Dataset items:
-- Opening Marker --

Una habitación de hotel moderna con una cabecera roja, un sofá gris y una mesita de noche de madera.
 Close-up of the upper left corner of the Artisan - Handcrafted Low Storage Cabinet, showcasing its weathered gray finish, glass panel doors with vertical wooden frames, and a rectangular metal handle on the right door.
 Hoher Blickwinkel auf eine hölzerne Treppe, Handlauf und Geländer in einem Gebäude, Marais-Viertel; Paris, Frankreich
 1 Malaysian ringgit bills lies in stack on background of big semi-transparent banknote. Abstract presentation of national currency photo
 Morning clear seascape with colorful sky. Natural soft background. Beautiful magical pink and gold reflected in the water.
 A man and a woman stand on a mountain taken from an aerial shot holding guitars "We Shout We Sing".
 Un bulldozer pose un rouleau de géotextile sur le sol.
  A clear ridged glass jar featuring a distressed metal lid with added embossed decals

-- Closing Marker --

Requirement> Give back all the data exactly as written.

Response area>
Una habitación de hotel moderna con una cabecera roja, un sofá gris y una mesita de noche de madera.
 Close-up of the upper left corner of the Artisan - Handcrafted Low Storage Cabinet, showcasing its weathered gray finish, glass panel doors with vertical wooden frames, and a rectangular metal handle on the right door.
 Hoher Blickwinkel auf eine hölzerne Treppe, Handlauf und Geländer in einem Gebäude, Marais-Viertel; Paris, Frankreich
 1 Malaysian ringgit bills lies in stack on background of big semi-transparent banknote. Abstract presentation of national currency photo
 Morning clear seascape with colorful sky. Natural soft background. Beautiful magical pink and gold reflected in the water.
 A man and a woman stand on a mountain taken from an aerial shot holding guitars "We Shout We Sing".
 Un bulldozer pose un rouleau de géotextile sur le sol.
  A clear ridged glass jar featuring a distressed metal lid with added embossed decals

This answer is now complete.